"Country needs us to dance it to keep it healthy”
This single statement completely changed everything I thought I knew about dance and continues to drives my work today. It was generously shared with me by one of my teachers, Jamie Marloo Thomas, founder of Wayapa Wuurrk and respected senior knowledge-holder among the Peek Whurrung Gunditjmara and GunnaiKurnai communities.
This concept suggests that dance is a core part of our custodial relationship with Earth, rather than a practice solely for human benefit.

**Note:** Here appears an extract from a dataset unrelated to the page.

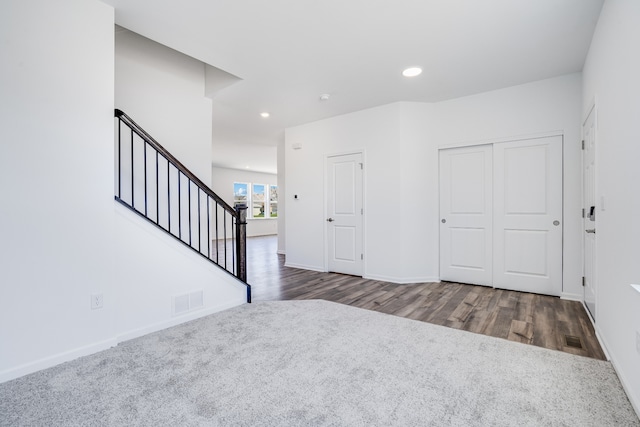 foyer with stairs, recessed lighting, visible vents, and wood finished floors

In which case, dance is understood as an essential energetic exchange, an act of reciprocity that not only expresses our connection to the land but literally heals it.
Various cultural stories and physical markers provide anecdotal evidence of this through the ecological regeneration of degraded sites that hosted dance ceremonies in recent years.

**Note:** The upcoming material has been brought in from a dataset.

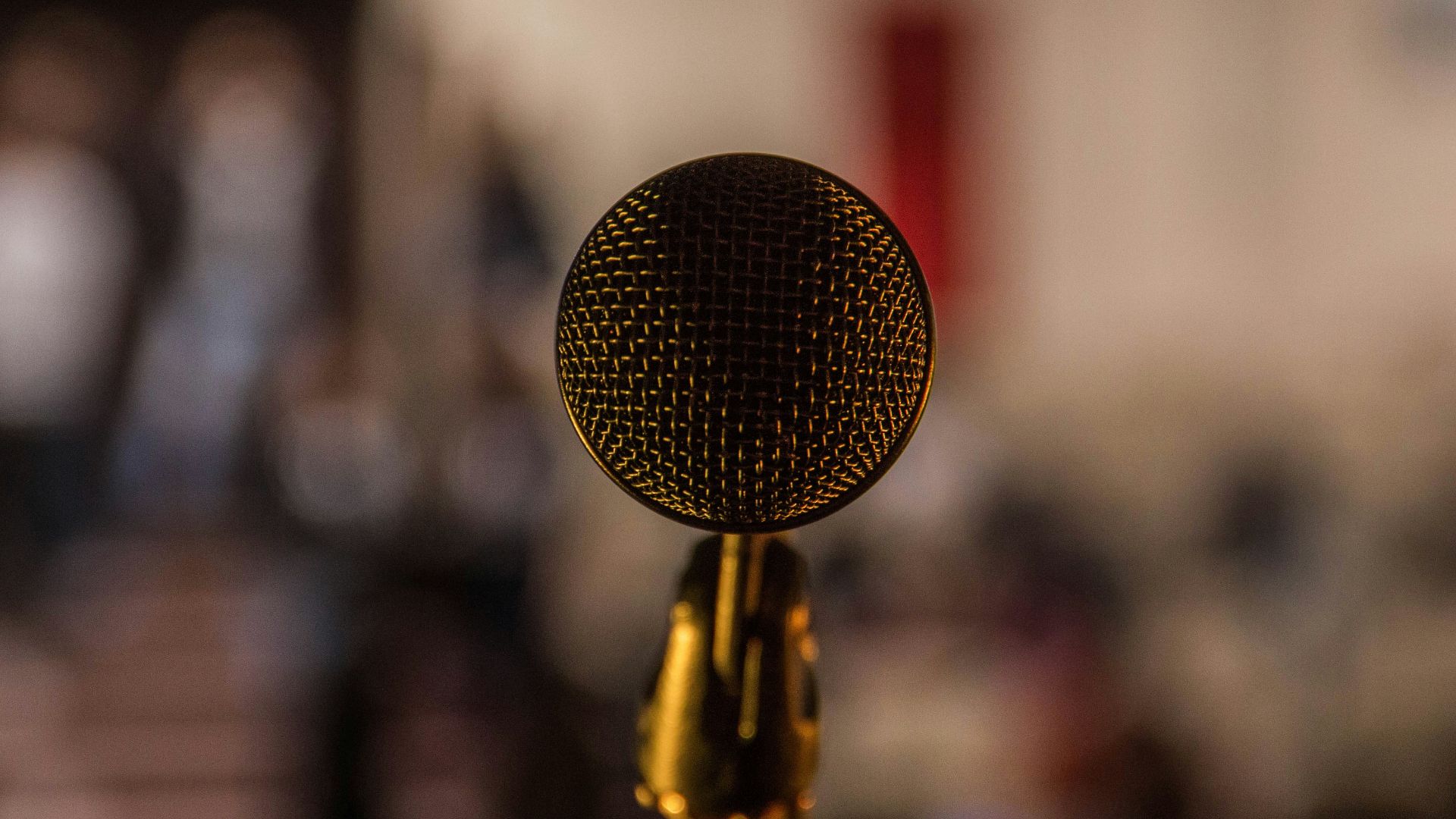 selective focus photography of brass-colored microphone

Major Sumner, Ngarrindjeri elder and ceremonial coordinator of the Murrundi Ruwe Pangari Ringbalin (or River Country Spirit Ceremony), echoes this view stating that -
“We [Ngarrindjeri people] believe when you dance on the land, you're letting Mother Earth know you still care about her…this is about restoring the energy, dancing the spirit back into country, dancing the spirit back into ourselves”.

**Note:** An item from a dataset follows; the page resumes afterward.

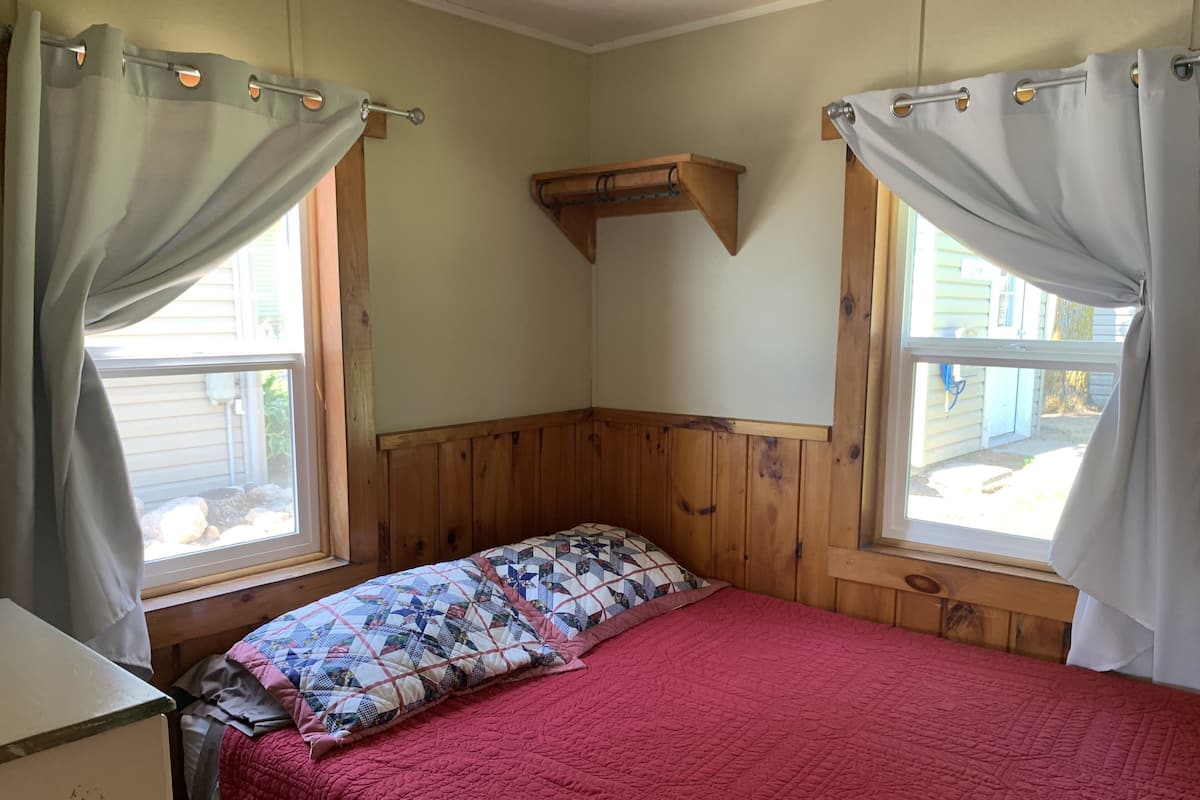 A bedroom with a wooden headboard, a red quilted bedspread, and a patterned pillow. There are two windows with curtains, and a wooden shelf above the bed.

With this in mind, Sumner (also known as Uncle Moogy) developed the Ringbalin dance ceremony in 2010 which brought together Aboriginal Nations across the Murray-Darling Basin to heal the river from the Millennium Drought (2001-2009). This drought pushed the MDB to the brink of collapse and was the worst drought since European settlement. Yet weeks after the first Ringbalin ceremony, the drought began to break and the MDB received the most rainfall in Australia’s recorded history the following year! Coincidence or clear evidence of the Earth calling us to dance? I highly recommend watching the documentary Ringbalin and you can decide: https://www.youtube.com/watch?v=9aXRodi4SHY
Either way, I believe this concept offers a radical new way of thinking about our relationship to the natural world — one that fundamentally challenges current social beliefs (particularly within the environmental movement) that the earth would be better off without us. Instead, it boldly suggests;
That we are home on Earth and we belong as stewards who are needed and loved. And if we are able to move past modern distortions of dance and remember its true power for connection, celebration and healing — we may just possess one of the greatest tools for planetary restoration right in our bodies.